Amazon Jeff Bezos Washington Post

Amazon patriarch purchased publication for $250 million, less than 1% of his net worth

Around the time “Man of Steel” opened in June, media watcher Jim Romenesko circulated an it-only-hurts-when-you-laugh letter explaining why Superman’s alter ego Clark Kent was having his application rejected to become a reporter for a great metropolitan newspaper.

As it turns out, salvation for Clark Kent’s journalistic aspirations might require him to go to work for Batman, a.k.a. billionaire industrialist Bruce Wayne, whose philanthropic tendencies might occasionally obscure what could be construed as darker (or at least ulterior) motives.

The announcement that billionaire Jeff Bezos is buying the Washington Post — for $250 million, less than 1% of the Amazon patriarch’s net worth — set off a predictable flurry of front-page coverage and angst-ridden analysis. Compared to, say, the local saw mill being sold, you can file this one under the heading of stories that newspaper editors care about a lot more than their readers, for obvious reasons.

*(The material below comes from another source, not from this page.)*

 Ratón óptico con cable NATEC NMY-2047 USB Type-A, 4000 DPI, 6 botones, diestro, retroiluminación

For the struggling newspaper industry, the romantic lure of the benevolent billionaire has clear underpinnings. Newspapers can still be a profitable business, the theory goes, and perhaps even still manage to accomplish some public good, if freed from the tyranny of the quarterly-profit imperative at publicly traded companies and allowed to pursue modest returns under enlightened private ownership.

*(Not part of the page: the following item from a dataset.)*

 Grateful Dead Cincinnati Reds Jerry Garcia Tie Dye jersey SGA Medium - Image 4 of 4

Moreover, the super-rich have exhibited what appears to be a heightened interest in newspapers, including the recent sale of the Boston Globe to billionaire investor John Henry — who also happens to own baseball’s Boston Red Sox — and Warren Buffett’s acquisition of several smaller publications.

“If it wasn’t clear that newspapers have become trophies for the wealthy with an interest in journalism or power — or a combination of both — it should be now,” wrote New York Times columnist Andrew Ross Sorkin.

Yet the lingering fear is that while journalists dream of finding a Bruce Wayne — or in the case of the Los Angeles Times, an Eli Broad or David Geffen — they might wind up under the thumb of a Lex Luthor or some Bondian villain, eager to use these shiny new toys to pursue nefarious goals and world domination.

That’s always been suspected of Rupert Murdoch, who has made little secret of the glee he derives from his newspaper properties, yielding benefits that go far beyond what they deliver to his balance sheet. It took the phone-hacking scandal at outlets in the U.K. to prod the mogul to spin his print-grounded holdings off as a separate entity from his entertainment assets, and even then, he couldn’t bring himself to completely part with them.

More recently, word that the Koch brothers — well known for their conservative activism and backing of so-called astroturf groups, which appear to be grassroots organizations but are often backed by wealthy benefactors — were circling media properties, including the Tribune newspapers, triggered renewed hand-wringing. The mere rumor that the oil and gas barons harbored interest in the Times prompted Courage Campaign, a California-based progressive organization, to vigorously begin lobbying against such a transaction.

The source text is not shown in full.